"Ich wäre gar nicht da ohne diesen Beruf"

Moderation: Frank Meyer |
Neuenfels gilt als das "Enfant terrible" der Opernregie. Noch immer vermag er zu polarisieren, führen seine Inszenierungen zu heftigen Reaktionen. Jetzt ist seine Autobiografie erschienen, in der er eine bisherige Bilanz seines Lebens und Schaffens zieht.
Frank Meyer: Ein genialischer Egomane oder der vielleicht genialste Exzentriker des deutschen Gegenwartstheaters - so ist der Theater- und Opernregisseur Hans Neuenfels genannt worden.
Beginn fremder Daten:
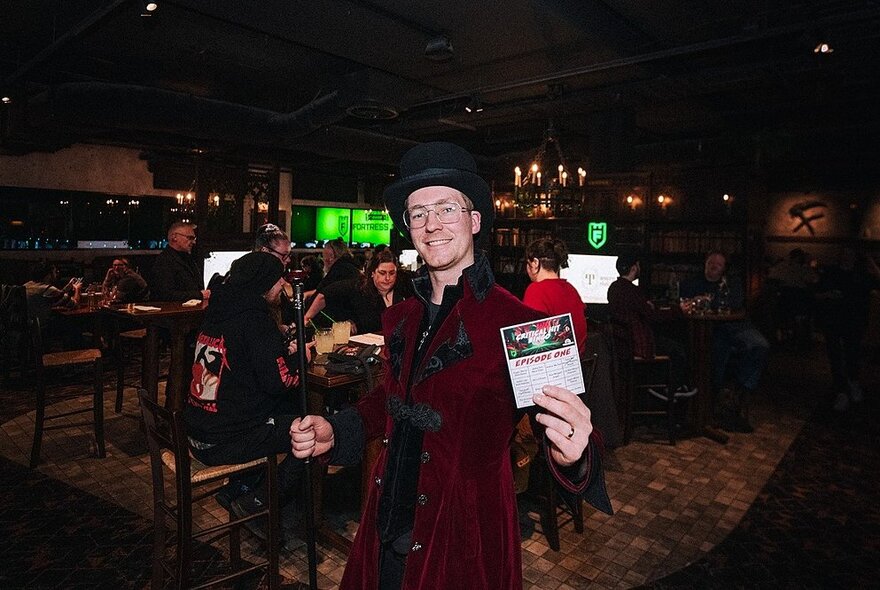 Man with hat and glasses standing in a dark bar, holding a card.
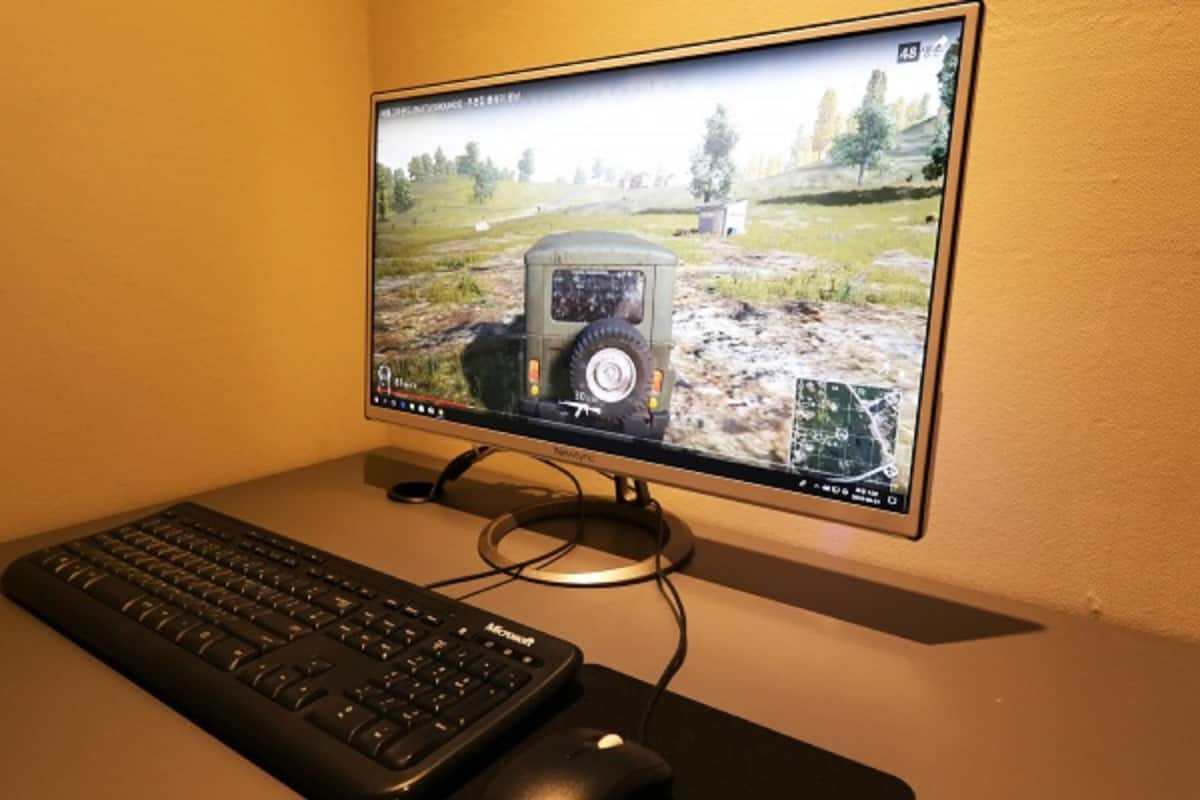 A computer monitor displaying a video game with a vehicle on a map, a keyboard, and a mouse on a desk.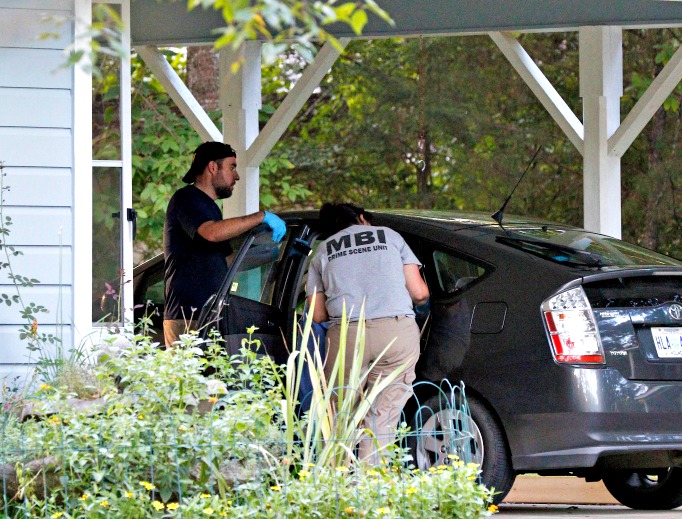 Two Mississippi Bureau of Investigation agents inspect a car in the garage of the Durant, Miss., home of two slain Catholic nuns who worked as nurses at the Lexington Medical Clinic, Aug. 25. The clinic office manager and a Durant police officer discovered their bodies inside the house after both nuns did not report for work. Authorities said their were signs of a break-in and their vehicle was missing.
Two Mississippi Bureau of Investigation agents inspect a car in the garage of the Durant, Miss., home of two slain Catholic nuns who worked as nurses at the Lexington Medical Clinic, Aug. 25. The clinic office manager and a Durant police officer discovered their bodies inside the house after both nuns did not report for work. Authorities said their were signs of a break-in and their vehicle was missing.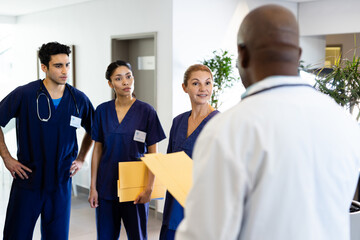 Diverse group of male and female doctors discussing in hospital corridor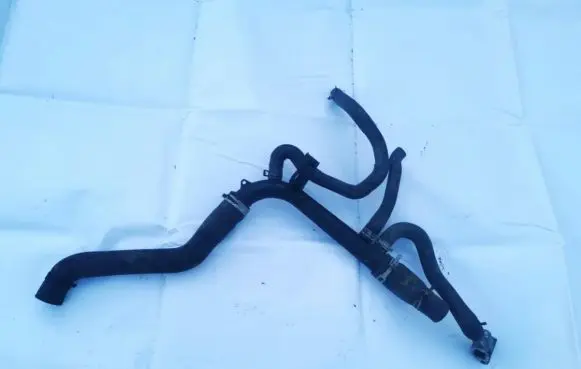 Opel Tigra A Engine coolant pipe/hose 1310327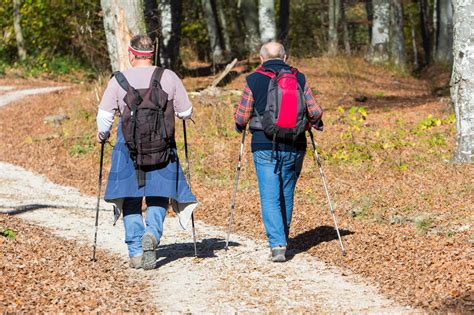 Two older men walking by hiking trail | Stock image | Colourbox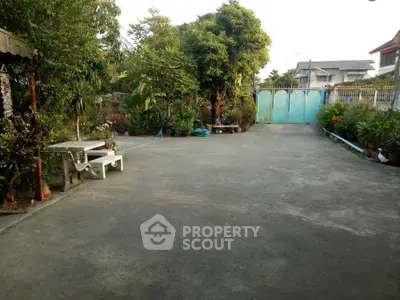 Spacious garden area with lush greenery and paved driveway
Ein Mann, der sein Publikum immer wieder zu Buhs und zu Bravos gebracht hat, ein großer Erneuerer und Empörer, der jetzt ein Buch über seine autobiografischen Stationen veröffentlicht hat mit dem Titel "Das Bastardbuch". Hans Neuenfels ist jetzt für uns am Telefon, seien Sie herzlich Willkommen!

Hans Neuenfels: Guten Tag, ich grüße Sie!

Meyer: Herr Neuenfels, ein Bastard - das ist, im landläufigen Sinne jedenfalls, keine besonders schmeichelhafte Bezeichnung. In welchem Sinn sehen Sie sich denn selbst als Bastard?

Neuenfels: Na ja, ein Bastard hat etwas Risikohaftes an sich, etwas Ungefähres, etwas nie länger Beheimatetes, etwas von anderen Menschen sehr stark Abhängiges und auch gleichzeitig eine Sehnsucht, die ihn immer wieder eine Wohlstätte seiner Fantasie oder seines Wohlbefindens suchen lässt.

Meyer: Das klingt nach dem alten romantischen Künstlerbild: Ich bin einer, der draußen steht, außerhalb der Gesellschaft. Sehen Sie sich so?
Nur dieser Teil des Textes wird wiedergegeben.